In her poems about the Korean immigrant experience collected in her first volume, Under Flag (1991), Kim investigates the diasporic subjects' relationship to language, history, and U.S. citizenship. She interrogates the encounters between cultures and languages, including the ways in which language reproduces or unsettles power relations. Her rendering of English with foreign accents dislodges binary constructs of cultural and national identities which assume essence, fixity, and hierarchy. Interweaving her investigation of language with an exploration of collective memory and history, Kim examines what she refers to as "the questions of translation between cultures and languages and in particular the kinds of resemblances and contaminations that inform how language(s) systematize and engender notions of power" (Lee 94). She employs what might be called a language of diaspora, whose other-sounding music transforms the prosodic structure of traditional English lyric, making the English language "shift," putting it "to flight," to borrow Gilles Deleuze and Claire Parnet's terms and concept (58). In their discussion of marginalized and subjugated people's relationship to the English language, Deleuze and Parnet note that it is precisely by being "a hegemonic, imperialistic language [. . .]" that English "is all the more vulnerable to the subterranean workings of languages and dialects which undermine it from all sides and impose on it a play of vast corruptions and variations." This subversive and creative "shift" in a hegemonic language, they contend, also characterizes official American English: "The American language bases its despotic official pretensions, its majoritarian claim to hegemony, only on its extraordinary capacity for being twisted and shattered and for secretly putting itself in the service of minorities who work it from inside, [. . .] nibbling away at that hegemony as it extends itself [. . .]" (58). To corrupt the hegemonic language from within is precisely Kim's strategy.
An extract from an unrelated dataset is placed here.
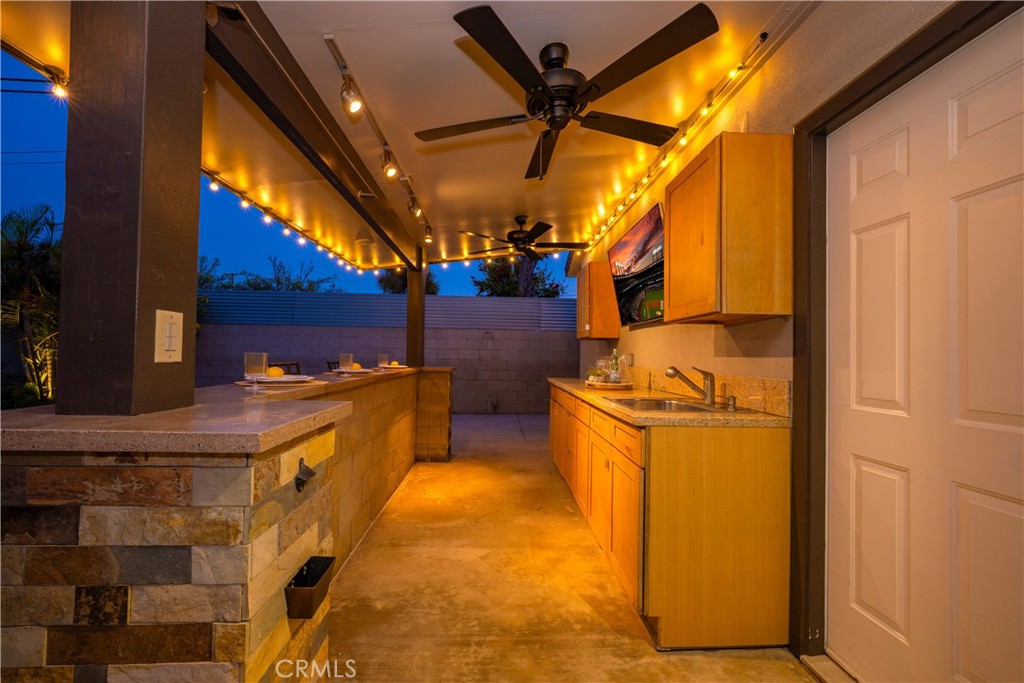 6020 E Walton Street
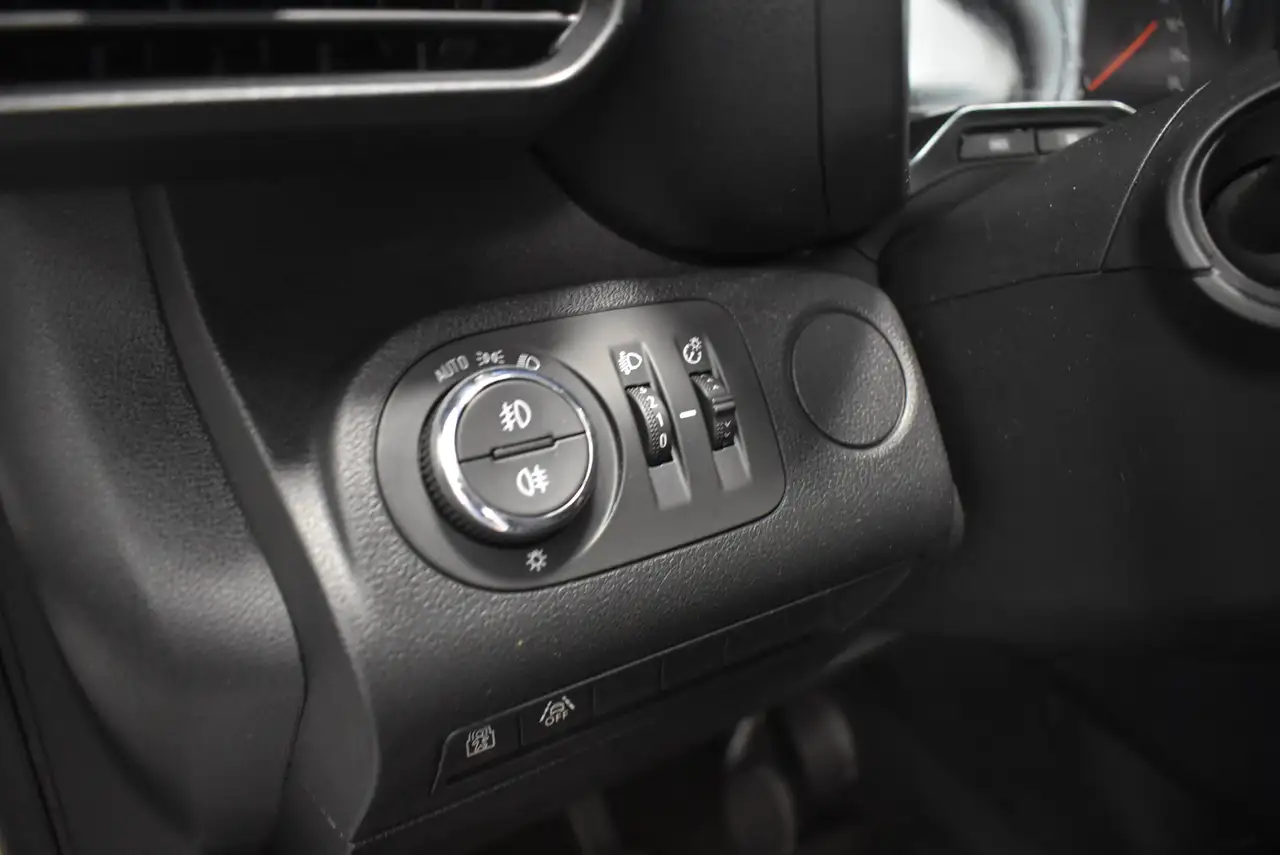2021 Opel Combo Life Edit XL 5-Sitze Navi Kamera Temp AHK, photograph 12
In fact, Kim materializes immigrants' experience of disjunctive time in terms of "speed, "duration," and "music" in the English language inflected with "foreign" accents. In the opening poem of Under Flag "And Sing We," Kim uses displaced English words to enact Korean immigrants' fragmentary memories of home, including the "Um-pah, um-pah sensibility of the first grade teacher" and the sound from "feet firm on the pump organ's pedals," pumping water into rice fields (14). At the same time, she explores the possibilities of what Deleuze and Félix Guattari call "the deterritorialization of language," opposing "a purely intensive usage of language to all symbolic or even significant or simply signifying usage of it"(Kafka 18,19). By making such intensive use of both English and Korean, Kim is able to oppose the "oppressive quality" of either language and to arrive at the kind of "perfect and unformed expression, a material intense expression" which Deleuze and Guattari refer to when speaking of the deterritorialization of Yiddish and German in Kafka's writings (Kafka 27, 25, 19). Kim's use of language as such articulates the immigrants' memory of home and sense of dislocation in a land where they can no longer trace their ancestry. As she invents a new prosody in English to render the experience of diaspora visceral through verbal sound not identifiable with any single system of language, Kim allows immigrants to confront their feelings of exile and the process of their becoming. Indeed, Kim employs what Deleuze and Guartari might call "deterritorialized sounds" (Kafka 26) to destabilize national and cultural identities:

Once we leave a place is it there

Prattle (heard, found, made) in kitchen

No longer clinking against the sides of the pot set to boil

Prattle displaced. Guard birds

That should have been near, all along

Prattle done trattle gone just how far

Do voices carry

What we might have explored, already discovered

Falling down falling down

Callback fallback whip whippoorwill

Not the one song to rivet us trundle rondo

Not a singular song trundle rondo

What once came to us whole

In this we are again about to do

In the times it take to dead dead dead la la la

Trundle rondo for a long time it stood marker and marked

Mostly, we cross bridges we did not see being built (Under Flag 14 -15)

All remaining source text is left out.